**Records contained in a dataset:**
————————
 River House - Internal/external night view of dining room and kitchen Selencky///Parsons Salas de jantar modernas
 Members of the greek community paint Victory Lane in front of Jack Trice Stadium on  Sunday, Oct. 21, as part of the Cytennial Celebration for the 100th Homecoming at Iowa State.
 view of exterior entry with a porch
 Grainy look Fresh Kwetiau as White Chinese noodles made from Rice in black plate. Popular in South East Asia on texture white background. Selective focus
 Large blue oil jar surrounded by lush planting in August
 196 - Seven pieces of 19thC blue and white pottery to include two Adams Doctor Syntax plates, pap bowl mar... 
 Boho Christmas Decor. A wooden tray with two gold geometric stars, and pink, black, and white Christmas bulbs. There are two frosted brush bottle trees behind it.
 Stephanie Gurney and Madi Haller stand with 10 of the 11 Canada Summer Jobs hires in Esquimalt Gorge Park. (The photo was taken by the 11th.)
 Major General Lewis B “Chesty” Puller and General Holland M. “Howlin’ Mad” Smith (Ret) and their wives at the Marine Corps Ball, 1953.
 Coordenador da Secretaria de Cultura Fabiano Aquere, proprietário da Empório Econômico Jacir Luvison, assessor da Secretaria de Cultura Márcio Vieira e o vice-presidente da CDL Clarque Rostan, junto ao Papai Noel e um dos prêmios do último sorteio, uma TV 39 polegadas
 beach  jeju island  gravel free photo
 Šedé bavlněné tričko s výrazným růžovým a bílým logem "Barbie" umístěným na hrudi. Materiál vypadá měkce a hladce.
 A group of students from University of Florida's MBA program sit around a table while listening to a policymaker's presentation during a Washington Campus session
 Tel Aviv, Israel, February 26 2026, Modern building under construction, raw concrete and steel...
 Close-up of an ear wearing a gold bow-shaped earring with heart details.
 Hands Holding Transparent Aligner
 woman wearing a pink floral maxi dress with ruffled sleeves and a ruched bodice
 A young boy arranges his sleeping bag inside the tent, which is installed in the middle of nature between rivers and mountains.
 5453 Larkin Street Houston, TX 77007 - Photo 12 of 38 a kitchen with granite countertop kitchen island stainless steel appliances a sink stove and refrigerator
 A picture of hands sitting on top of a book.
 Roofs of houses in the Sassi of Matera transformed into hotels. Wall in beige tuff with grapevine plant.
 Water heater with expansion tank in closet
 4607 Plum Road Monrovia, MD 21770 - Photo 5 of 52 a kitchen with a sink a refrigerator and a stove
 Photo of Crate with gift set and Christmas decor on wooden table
————————
**YOUR ASSIGNMENT:**
How many of the lines above hold the word "gold"? State that number and nothing else.

**TASK RESULT:**
2